Stand Up And Deliver by Andy Kind

Book review by Steve Bennett

There are, undoubtedly books around on the experiences of being a comedian that are more emotive, or more inspirational than Andy Kind’s. But there are few that are more meticulously accurate about the day-to-day existence of a comedy beginner.

The weeks spent trudging round the country for modest gigs and no money – yet being disproportionately grateful for the stage time; the camaraderie and occasional competitiveness of fellow open spots; the pressure to make the best of often unplayable rooms – it’s all captured here.

He surely won’t thank me for saying this, but Kind is probably not destined to be a star comedian. He’s now performed more than 600 gigs, yet he hasn’t made many waves on the circuit. Nonetheless he is clearly competent; constantly gigging and – now, at least – getting paid to do so, thus realising an ambition beyond what most would-be stand-ups ever achieve.

So Stand Up And Deliver isn’t Steve Martin reminiscing about his days on the road, decades later from his a mansion built on success, but a jobbing comic’s still-fresh diaries of how he came to land the only career he ever thought he could do.

Kind graduated with a French degree, on the back of a reasonably notable school record, so to say that his parents weren’t overly enamoured with his choice of job, after a year of drifting around dead-end telesales jobs, is probably an understatement. His father’s gradual change of mood is a key theme of the book, from disappointment over the pitiful wages Kind was bringing home (yes, he lived with his parents) to an unstated respect for pursuing a dream.

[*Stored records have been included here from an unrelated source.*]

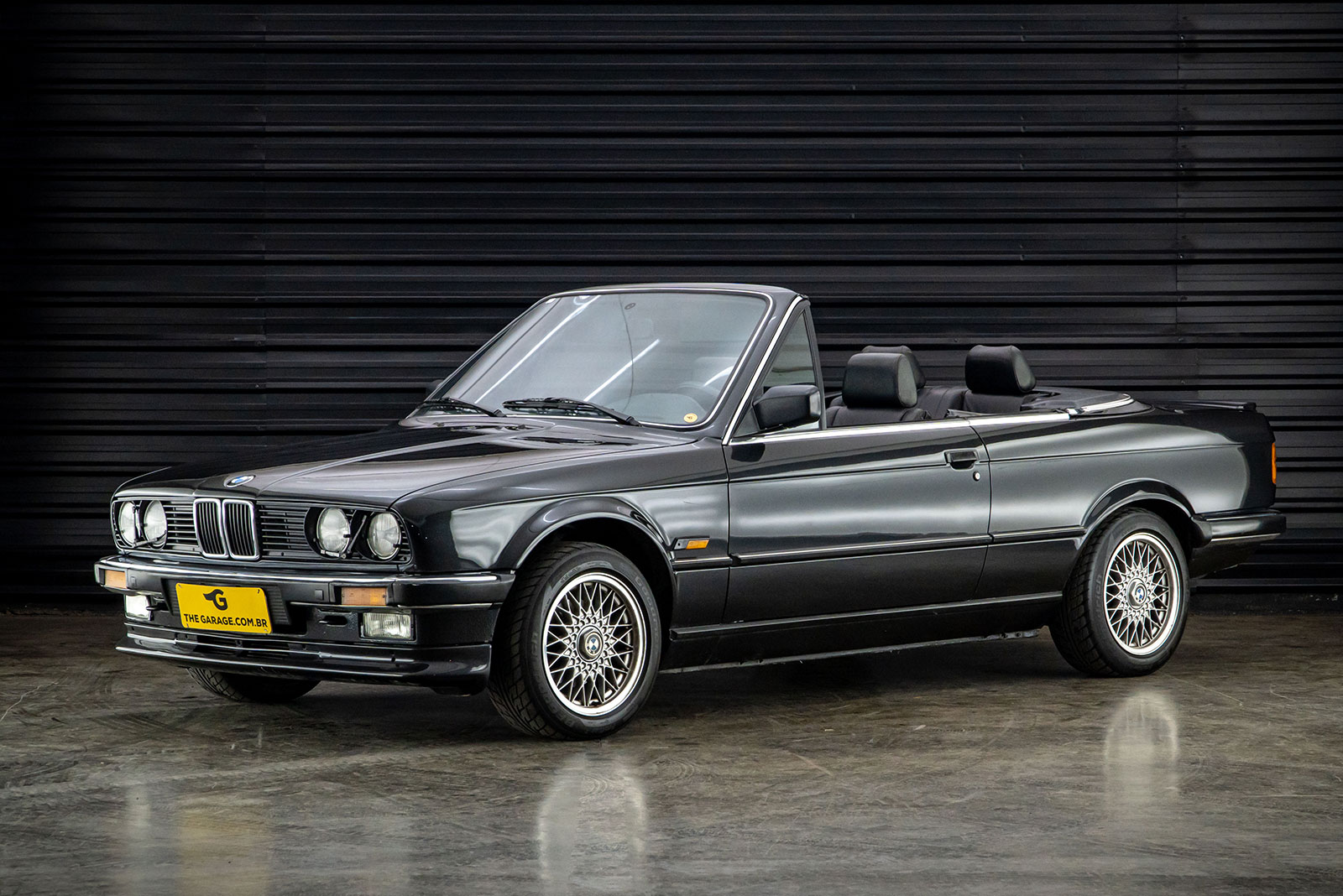 1987-BMW-325ia-E30-Cabrio-venda-sao-paulo-for-sale-classicos-a-melhor-loja-de-carros-antigos-acervo-de-carros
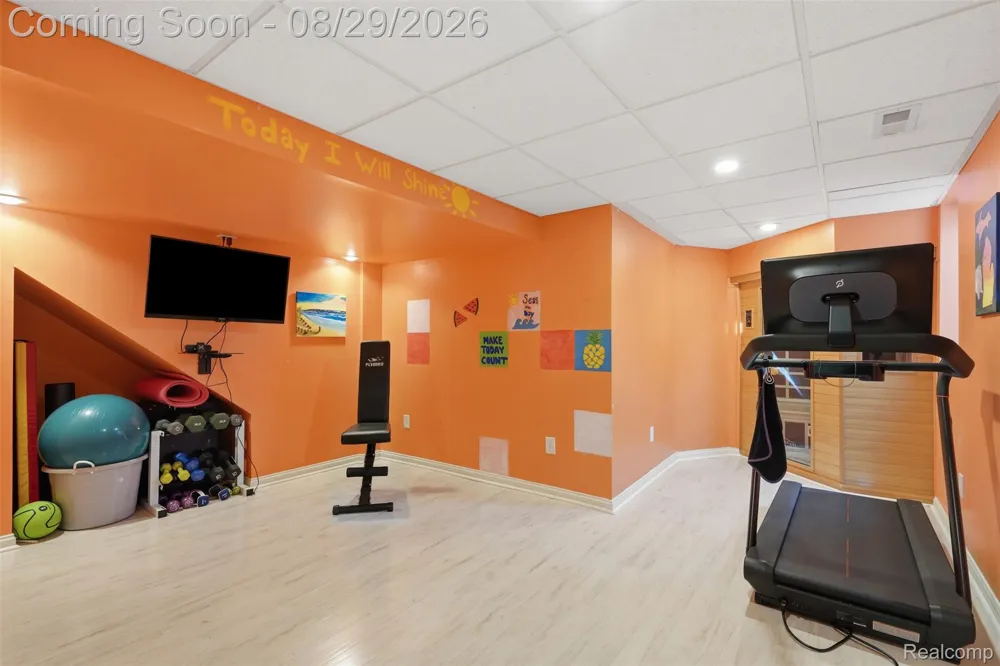 24294 Summer Lane Flat Rock City, MI 48134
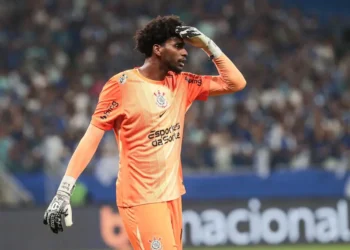 Hugo Souza brilha nos pênaltis e Corinthians e está na final da Copa do Brasil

But primarily it’s a chronicle of his gigs, from his nerve-racked, dry-mouthed debut at the Cellar Bar in Bath, run by those infamous promoters of low-level gigs Mirth Control, through to competing in the Frog & Bucket’s gladiatorial Beat The Frog night in Manchester; and then to his first death on stage, so severe he was ready to pack it all in.

New comics will recognise all these chapters – or if they don’t, they will. And, like anyone who’s spent any time on the circuit, Kind has a solid bank of entertaining anecdotes – from the promoter who had the sweary kind of Tourette’s to his cringeworthy encounter with a faded celebrity.

So for anyone embarking on a similar adventure, Stand Up And Deliver offers an accurate and honest roadmap of what they can expect in their first year, even if a wider audience might seek more drama.

A cathartic final chapter in which he emotionally revisits an old relationship does prove surprisingly moving – though it’s rather out of contex; a public purging of guilt rather than an episode naturally emerging from his stand-up career. It’s an incident that may be born out of a desire to do the right thing after Kind, a former serial philanderer, was born-again as a Christian.

His faith, unusual in the largely godless world of comedy, does pop up from time to time – so non-believers might find it odd to encounter sentences like: ‘Being a Christian is about being in a daily, intimate relationship with the risen Christ’… but while it’s part of who he is, he does realise this could be a turn-off and doesn’t bang on about it too much.

For throughout the book, Kind projects an accessible, warm, upbeat demeanour that makes for an easily enjoyable read for those keenly interested in exactly what the early years of a comic’s career entail.